- _Supplied information_
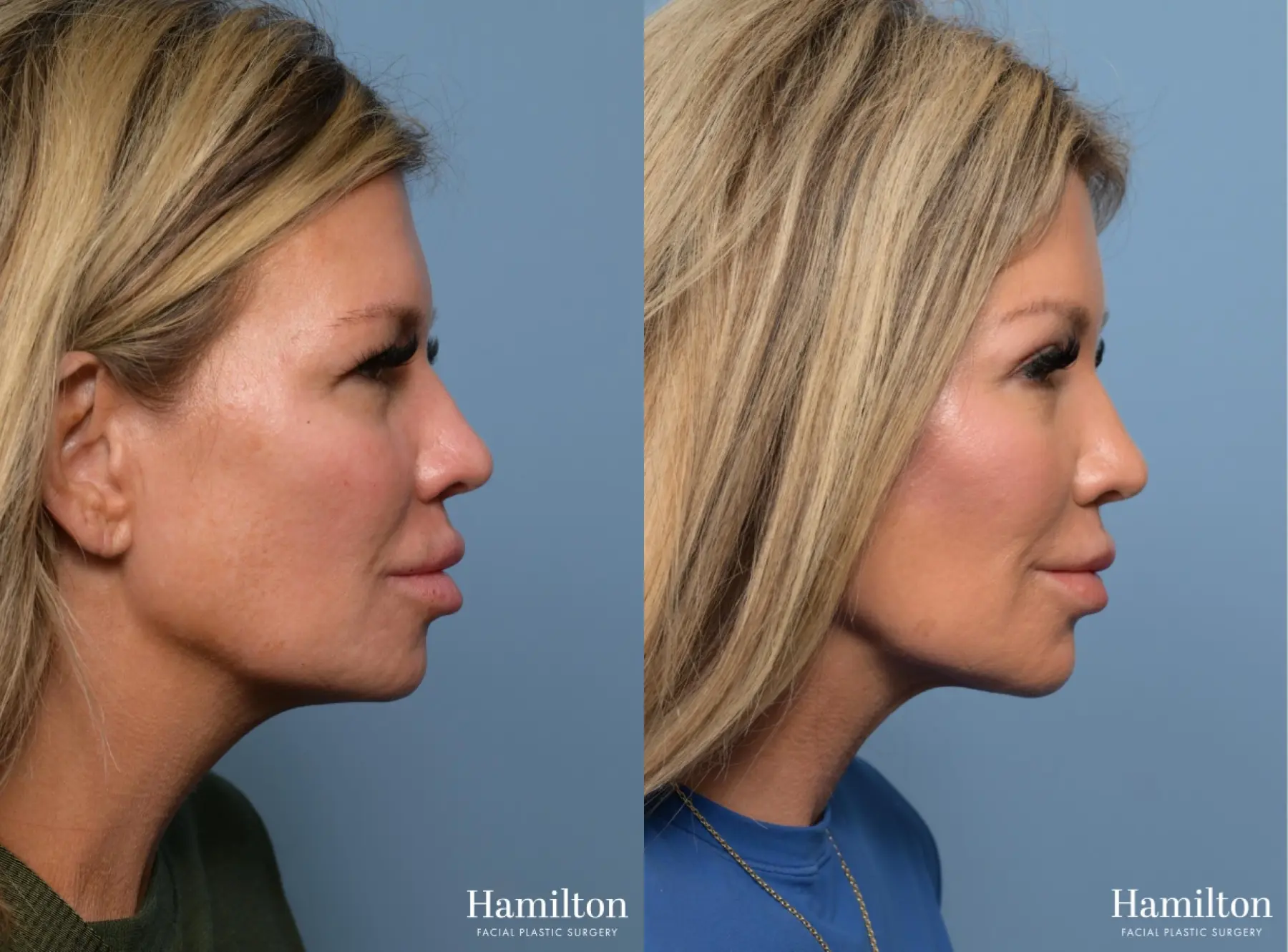 Brow Lift: Patient 2 - Before and After 4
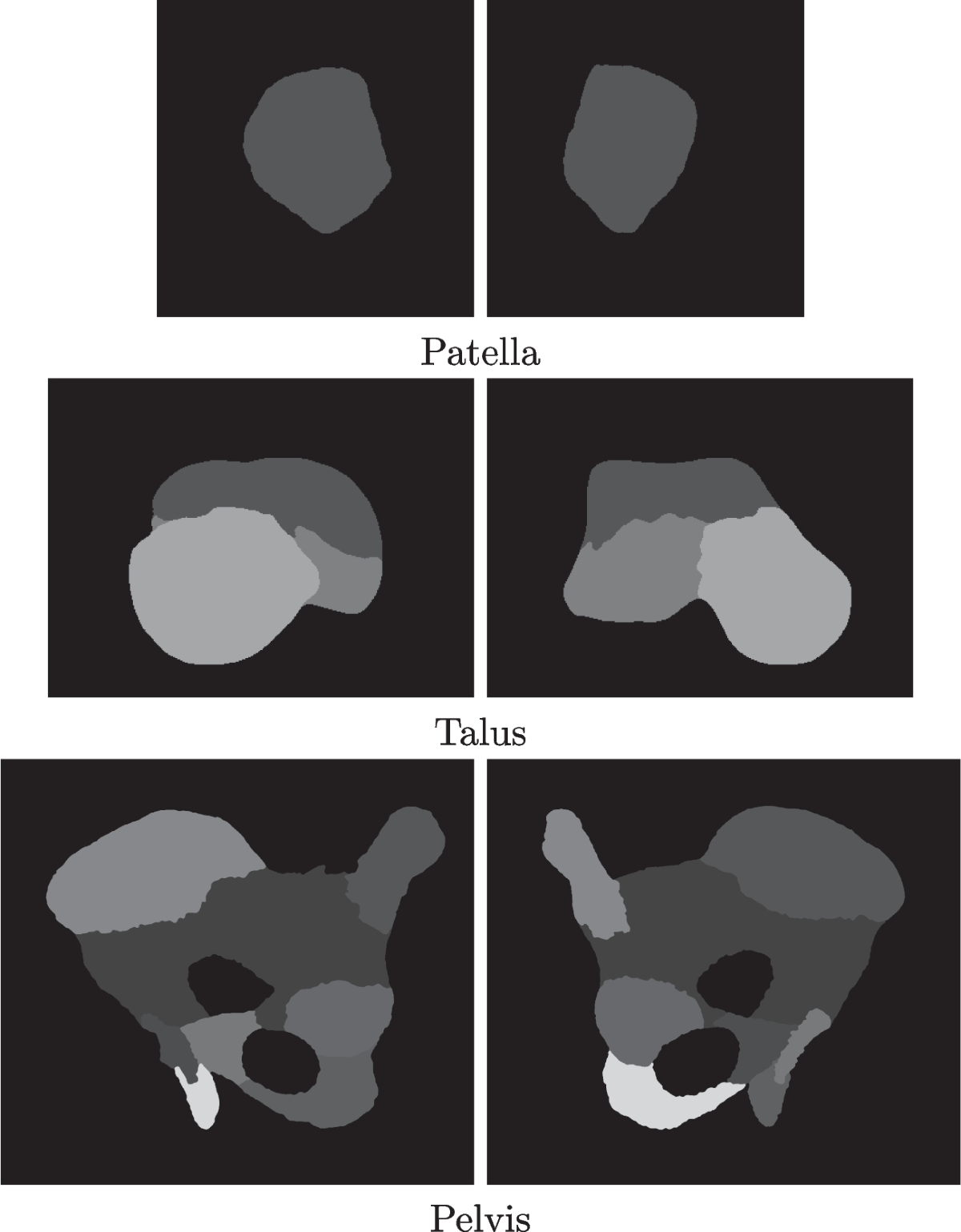 3D biplanar reconstruction of lower limbs using nonlinear statistical  models | Medical & Biological Engineering & Computing | Springer Nature Link
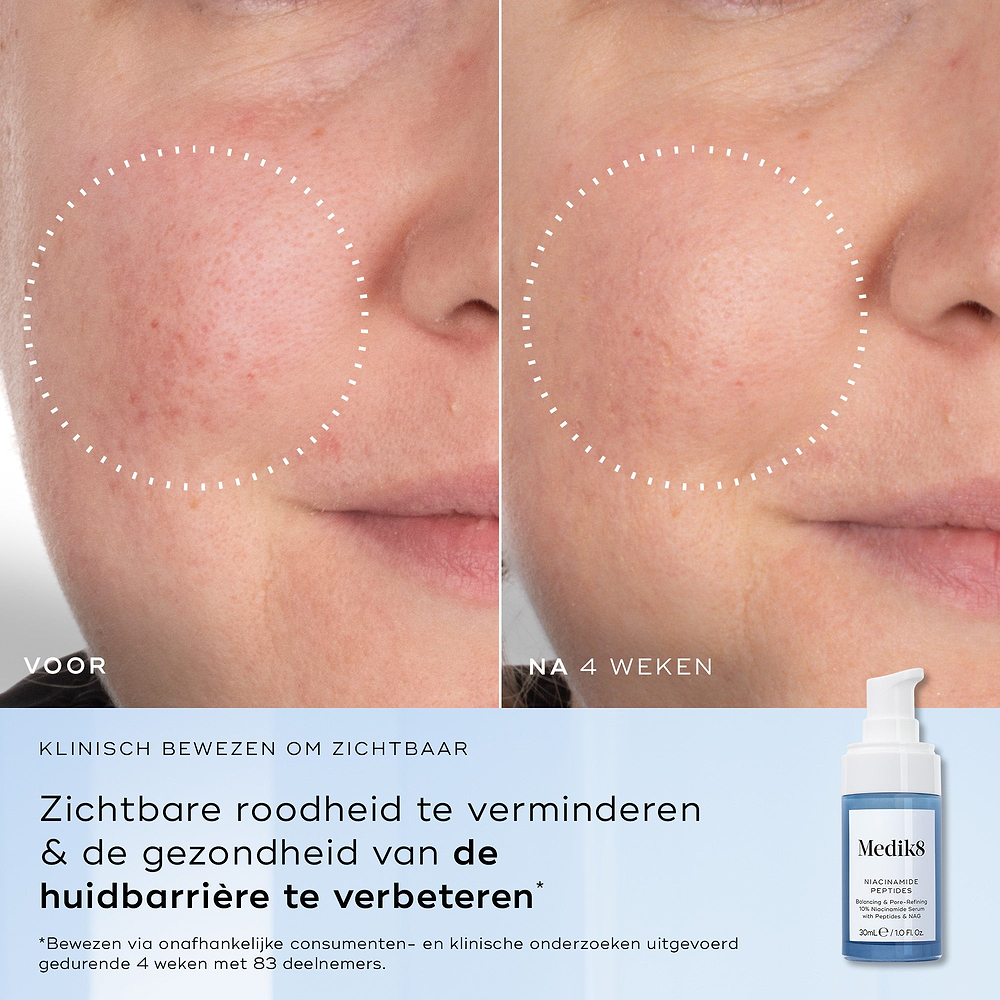Niacinamide Peptides™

- _Your instructions_
Leaving every picture out, output the data exactly as it stands.

- _Completed task_
 Brow Lift: Patient 2 - Before and After 4
 3D biplanar reconstruction of lower limbs using nonlinear statistical  models | Medical & Biological Engineering & Computing | Springer Nature Link
Niacinamide Peptides™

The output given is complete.